→ Supplied records:
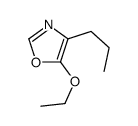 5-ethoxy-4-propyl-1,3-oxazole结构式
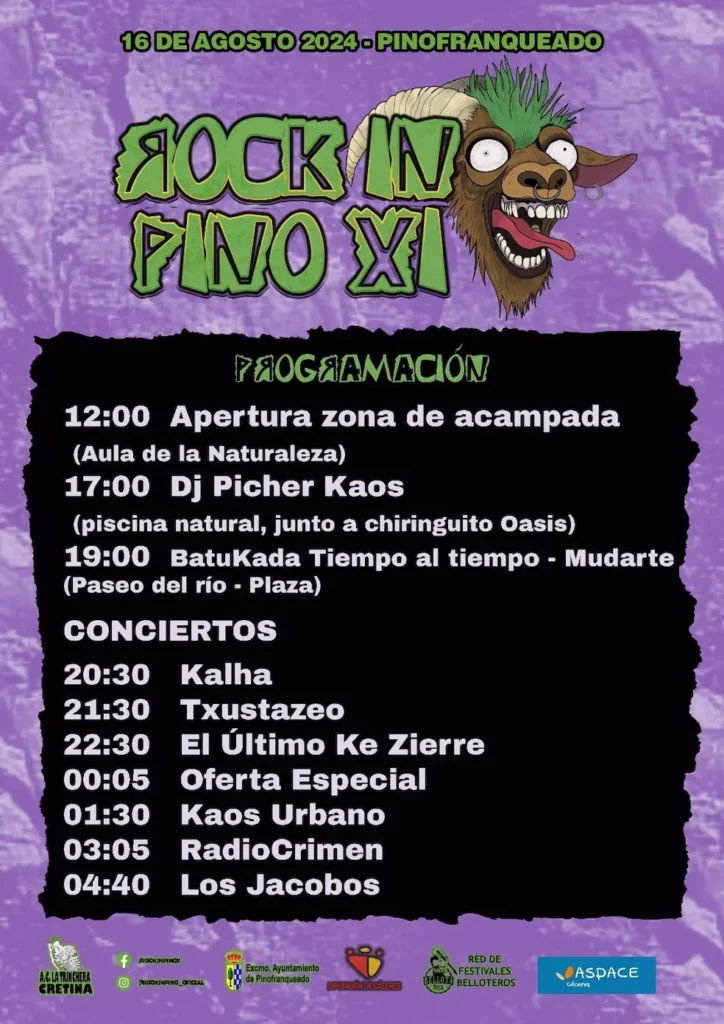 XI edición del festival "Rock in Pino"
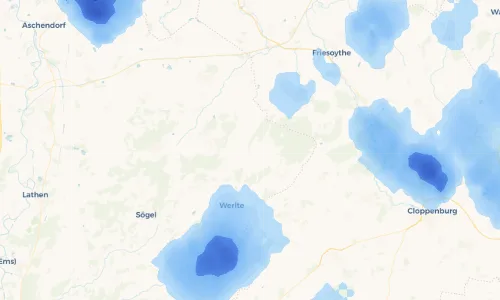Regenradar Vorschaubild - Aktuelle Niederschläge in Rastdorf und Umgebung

==

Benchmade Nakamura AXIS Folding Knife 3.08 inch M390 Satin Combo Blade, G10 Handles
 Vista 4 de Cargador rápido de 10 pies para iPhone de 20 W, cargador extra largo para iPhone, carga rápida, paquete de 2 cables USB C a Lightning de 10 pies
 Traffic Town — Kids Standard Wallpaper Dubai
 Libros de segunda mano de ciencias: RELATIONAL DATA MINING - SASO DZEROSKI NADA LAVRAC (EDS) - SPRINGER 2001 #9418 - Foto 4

→ Required action:
Could you transcribe the entries above word for word, from the line with "Vista 4 de Cargador" down to the line with "Libros de segunda", keeping both?

→ Result for this exercise:
 Vista 4 de Cargador rápido de 10 pies para iPhone de 20 W, cargador extra largo para iPhone, carga rápida, paquete de 2 cables USB C a Lightning de 10 pies
 Traffic Town — Kids Standard Wallpaper Dubai
 Libros de segunda mano de ciencias: RELATIONAL DATA MINING - SASO DZEROSKI NADA LAVRAC (EDS) - SPRINGER 2001 #9418 - Foto 4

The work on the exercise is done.